Na Europa coabitam diferentes modelos de tribunais constitucionais.
Foi no modelo austríaco que o poder em Portugal se inspirou para criar o TC na revisão constitucional de 1982, explica Moura Ramos, lembrando que “o primeiro tribunal deste tipo foi o instituído na Áustria em 1920”. Este modelo que hoje é também chamado de europeu, segundo Jorge Miranda, é, de acordo com Moura Ramos, um modelo que ganha consistência “a partir dos anos vinte do século XX” e assenta na ideia “da existência de uma instituição própria, com lugar próprio no sistema político, que tem um perfil específico e a quem incumbe velar” pela constitucionalidade das leis. “Em Portugal, tem mesmo um título próprio na Constituição”, salienta Moura Ramos.
O TC não é, por isso, "uma singularidade portuguesa”, lembra Jorge Miranda, enquanto Gomes Canotilho corrobora, afirmando que “o defensor neutro está em proliferação, não é só uma solução portuguesa”. Mota Pinto adverte que “os modelos de TC variam, mas há na maioria dos países europeus”.
Gomes Canotilho especifica que a existência de TC ou de Supremos é sustentada “pelas teses do jurista e filósofo austríaco Hans Kelsen no debate que estabeleceu com o jurista e filósofo alemão Carl Schmitt nos anos vinte e trinta do século XX”. O catedrático lembra que “Kelsen defendia a existência de tribunais que concentrassem a fiscalização da constitucionalidade”, enquanto “Schmitt defendia que a fiscalização da constitucionalidade devia ficar nas mãos do Presidente”. Este debate foi resolvido pela história, conclui Canotilho: “Com a ascensão de Hitler e do nazismo as teses de Schmitt foram derrotadas.”
Os TC alastram a partir da Segunda Guerra Mundial, naquilo que é a primeira vaga. Segue-se “uma segunda onda de crescimento com a revolução portuguesa do 25 de Abril, o fim da ditadura espanhola e os novos países africanos”. A “terceira surgiu com a queda do Muro de Berlim” e as novas democracias a Leste”, prossegue Canotilho.
A vitória de Mandela
O catedrático destaca mesmo que há hoje em dia “TC que são considerados fundamentais, como o da África do Sul, que nasceu de uma discussão entre Frederik De Klerk e Nelson Mandela”. E relata: “Mandela queria um TC e De Klerk queria um a vara do Supremo. Mandela venceu e o TC na África do Sul nasceu mesmo antes da Constituição e controlou o processo de elaboração da Constituição.”

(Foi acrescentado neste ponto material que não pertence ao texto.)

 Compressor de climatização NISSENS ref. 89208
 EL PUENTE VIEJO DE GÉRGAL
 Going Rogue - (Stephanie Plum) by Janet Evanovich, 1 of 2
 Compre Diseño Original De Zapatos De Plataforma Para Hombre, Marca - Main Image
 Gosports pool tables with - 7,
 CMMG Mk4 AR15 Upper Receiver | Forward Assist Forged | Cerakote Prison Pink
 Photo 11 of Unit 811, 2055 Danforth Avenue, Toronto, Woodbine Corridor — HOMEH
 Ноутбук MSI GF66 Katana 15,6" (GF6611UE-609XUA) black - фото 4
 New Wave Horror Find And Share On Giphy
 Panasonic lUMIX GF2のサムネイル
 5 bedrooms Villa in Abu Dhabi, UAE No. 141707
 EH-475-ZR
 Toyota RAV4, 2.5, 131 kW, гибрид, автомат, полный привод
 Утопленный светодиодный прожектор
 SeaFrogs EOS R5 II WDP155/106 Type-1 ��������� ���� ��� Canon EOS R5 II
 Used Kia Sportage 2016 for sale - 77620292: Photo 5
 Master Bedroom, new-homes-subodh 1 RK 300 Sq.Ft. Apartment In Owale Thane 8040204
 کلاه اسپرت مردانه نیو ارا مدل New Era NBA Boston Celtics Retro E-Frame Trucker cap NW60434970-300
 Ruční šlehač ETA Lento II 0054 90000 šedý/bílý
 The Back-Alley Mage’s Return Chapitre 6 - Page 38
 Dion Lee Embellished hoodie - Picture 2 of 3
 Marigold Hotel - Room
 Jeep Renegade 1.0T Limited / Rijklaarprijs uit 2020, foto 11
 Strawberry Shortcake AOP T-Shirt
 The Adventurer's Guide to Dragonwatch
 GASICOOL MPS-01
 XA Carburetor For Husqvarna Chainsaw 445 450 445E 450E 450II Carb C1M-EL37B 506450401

O TC sul-africano foi o primeiro a ter um papel realmente interventor no processo legislativo. Canotilho conta que os juízes constitucionais da Africa do Sul tiveram de resolver problemas como “a questão de introduzir o princípio basilar democrático de uma pessoa um voto, numa terra de maioria negra, e também o problema do reconhecimento do direito de propriedade da terra aos negros”.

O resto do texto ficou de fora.